Frei Carlos Josaphat explica: «Paulo viveu em dois mundos culturais, o grego e o judaico. Ele nos ensina distinguir as religiões e a idolatria. A idolatria é uma ameaça universal. Com todo o Novo Testamento, as epístolas paulinas estigmatizaram a ganância e a corrupção, a ambição de ter e ajuntar cada vez mais, a famosa pleonexia, denunciada pela ética grega e pela espiritualidade judaica. A pessoa gananciosa, possuída pela ganância, pela sede de concentrar riquezas é o verdadeiro idólatra (Ef 5,5). A raiz de todos os males é a cobiça do dinheiro (1Tm 6,10)».

Então, a idolatria é esse sistema iníquo que impede a comunhão igualitária das pessoas. As antigas tradições orientais ensinam o desapego, a renúncia dos bens e a pobreza voluntária como formas de vida mais espiritual e solidária. Para o Islã, a esmola como forma de partilha e de garantia de justiça é um mandamento fundamental da fé. A tradição judaico-cristã ensina que a economia deve garantir o direito dos pobres, o salário dos trabalhadores e a segurança comum (Dt 15 e 24). Os profetas insis-tiram na confiança em Deus e na partilha com os irmãos como base de uma economia justa. No deserto, o povo deveria receber o maná e partilhá-lo sem deixar que sobrasse nada para o dia seguinte (Ex 16). A base da verdadeira adoração a Deus é uma economia de justiça e de partilha (Is 58). Só a partir desse tipo de economia ecossocial, Deus aceita nossas oferendas e nossa adoração (cf Jer 7). Jesus concluiu: «Não acumulem tesouros na terra, onde o ladrão pode roubar e a traça roer... Vocês não podem servir a dois senhores. Ou servem a Deus ou ao dinheiro» (Mt 6,19.24). Ao deixar para os discípulos e discípulas um sinal (sacramento), Jesus deixou a ceia do amor, na qual se partilha o pão e o vinho. Esse gesto de partilha radical e de comensalidade aberta é sacramento da economia evangélica a ser posta em prática como modelo de economia espiritual para todas as pessoas e grupos que buscam um mundo novo diferente, com outra economia, de comunhão.

3. Para viver uma outra economia possível

Para fazer frente ao modelo hegemônico de sociedade e de relações econômicas vigentes no mundo, sem dúvida, a primeira condição indispensável é assumir uma ética pessoal e social que impregne todo o nosso ser e nossas relações. Essa ética de justiça e solidariedade deve nortear nosso modo de ser, nossas relações, tanto no plano interpessoal, como social.
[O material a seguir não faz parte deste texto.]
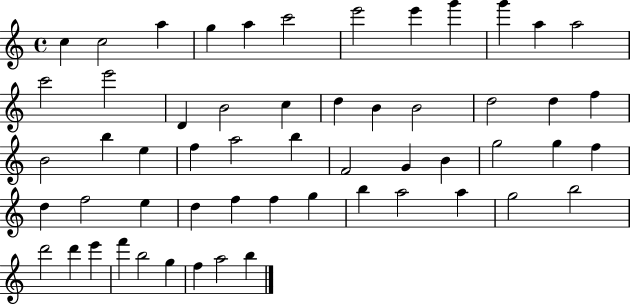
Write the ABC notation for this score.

X:1
T:Untitled
M:4/4
L:1/4
K:C
c c2 a g a c'2 e'2 e' g' g' a a2 c'2 e'2 D B2 c d B B2 d2 d f B2 b e f a2 b F2 G B g2 g f d f2 e d f f g b a2 a g2 b2 d'2 d' e' f' b2 g f a2 b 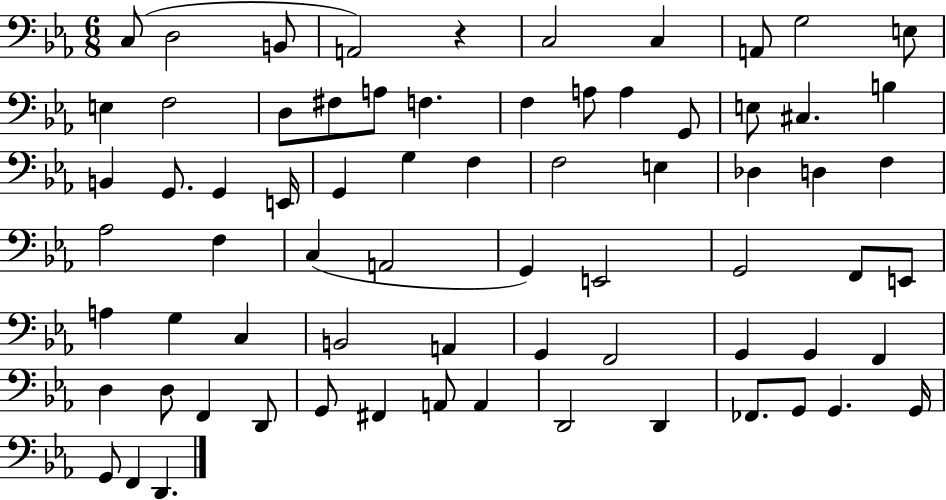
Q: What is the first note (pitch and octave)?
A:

As antigas tradições religiosas tinham o dízimo, até hoje vigente em algumas Igrejas. É um princípio de partilha que podemos seguir, organizando nossa economia pessoal de forma que uma cota de justiça e solidariedade seja cada mês destinada, seja a ajudas pessoais a necessitados, seja a projetos com os quais nos sintamos comprometidos.

Em vários lugares do mundo, grupos e pessoas têm desenvolvido o que chamam de balanço de justiça, uma forma de organização da economia doméstica e pessoal que permite no final de cada mês avaliar se nossa forma de gastar está de acordo com aquilo que cremos e nos propomos a viver. Essa ética nova nos fará discernir como que «a alma» dos produtos e coisas que usamos e compramos, para não acontecer que usemos ou compremos produtos fabricados por crianças em regime de semiescravidão ou de indústrias e marcas que exploram e destroem a natureza.

Para a vigência de uma outra economia possível, temos de cuidar de preservar espaços de gratuidade na relação entre as pessoas e com a natureza. Esses espaços gratuitos e recíprocos são expressões de amor e de reverência à vida nossa, dos outros e de todos os seres vivos. A outra economia possível é uma economia que vai além das operações de comércio e se concretiza no saborear a vida em novas relações de amor e convivência. Rubem Alves chega a dizer: «A economia pode ser a ciência dos meios necessários à realização erótica das pessoas (...) Ela pode tornar possíveis nossos sonhos de prazer humano e artístico. Nesse sentido, a economia é uma arte divina de recriar a vida e o universo».